Abstract: Grammar engineering is the process of encoding formal grammars in machine-readable form, so that the computer can do the tedious work of verifying analyses against data. In this talk, I will give an overview of two long-standing projects which aim to facilitate the use of grammar engineering for linguistic research: The Grammar Matrix and AGGREGATION Projects. The Grammar Matrix (Bender et al 2002, 2010) is an open-source toolkit for helping create implemented precision grammars based on a shared core grammar and a series of typologically informed 'libraries'. The Grammar Matrix itself provides an interesting test-bed for typological generalizations, as each new library must be interoperable with existing ones.

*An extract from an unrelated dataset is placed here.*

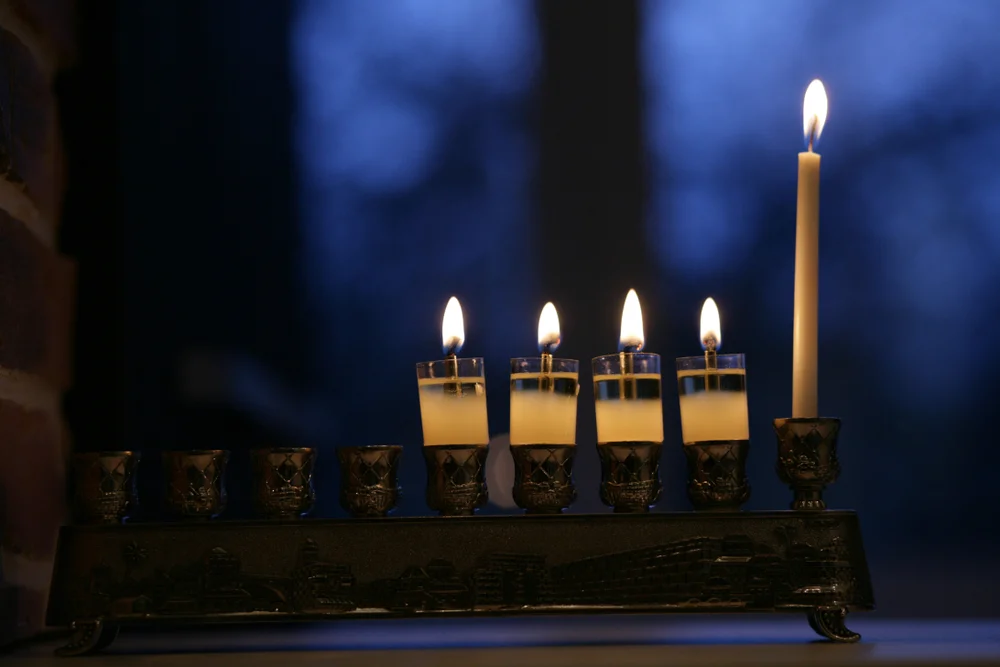 איך לנהוג במקרה של חוסר בנרות חנוכה? הרב אברהם ישעיהו בן חמו משיב על השאלה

The Grammar Matrix solicits a linguistic description through a web questionnaire and then outputs a grammar to spec. The AGGREGATION project (Bender et al 2013, Howell et al 2017, Zamaraeva et al 2019) is exploring methods for automatically answering the Grammar Matrix questionnaire on the basis of collections of interlinear glossed text produced by linguists working in the field. In the short-term this project provides useful feedback to the linguist about patterns in their data, facilitating the language documentation effort. In the long-term, our goal is to be able to create implemented grammars which can be used to parse interestingly large fragments of the languages at hand. These grammars should be useful for both linguistic research and ultimately language technology.
-
Sabrina Bendjaballah, Université de Nantes
Title: On Descriptive Adequacy
Abstract: On the surface, linguistic fieldwork is confronted with a dizzying wealth of variation. However, this wealth of variation turns out to be neither arbitrary, nor unlimited. The linguistic expressions we observe on the surface are manifestations of general principles that limit the logical space of variation by defining the mechanisms that allow the creation of linguistic expressions. The methodological principle behind this hypothesis consists in the meticulous study of the particular phenomena in each language from a universalist perspective. Rather than simply taking stock of particular, language-specific observations, these phenomena are taken to reveal interesting facts about the interplay of general properties of the human language faculty. This research project cannot succeed without a reliable, grammatically structured database. I illustrate how such a database can give rise to robust generalizations with the example of Modern South Arabian languages (minority languages with an oral tradition spoken in the south of the Arabian Peninsula: Yemen, Oman). The data will be mainly from morpho-phonology.
-
Steven Bird, Charles Darwin University & Nawarddeken Academy & University of California Berkeley
Title: Sparse Transcription: Representing and Processing Oral Languages
Abstract: In the rush to document the world's endangered languages, the "transcription bottleneck'' is often cited as the main obstacle standing in the way of efforts to make large quantities of recorded speech amenable to translation, analysis, and pedagogy. One solution is to extend methods from automatic speech recognition and machine translation to low-resource scenarios and recruit linguists to provide phonetic transcriptions and sentence-aligned translations. However, I believe that these approaches are not a good fit with the interests and aptitudes of speakers, and with long-established transcription practices that are essentially word based. In seeking a new approach, I consider a century of transcription practice in linguistics and a variety of computational approaches, before proposing a computational model which I call "sparse transcription''. This represents a shift away from current assumptions that we transcribe phones, transcribe fully, and transcribe first. Sparse transcription combines the orthodox practice of word transcription with interpretive, iterative, and interactive processes which are amenable to wider participation and which open the way to new tools for efficient processing of oral languages.
-
Michel Jacobson, Très Grande Infrastructure de Recherche Huma-Num
Title: FAIR deals?
Abstract: The new acronym FAIR (findable accessible interoperable reusable) summarizes concerns which seem clear and self-evident, but which constitute ever renewed challenges in a digital environment characterized by the rapid evolution of all its technological layers. I will try to show how the Linked Data movement can help to address some of these issues. I will also show that important issues that shine through when discussing FAIR data concern sustainability and long-term conservation.
|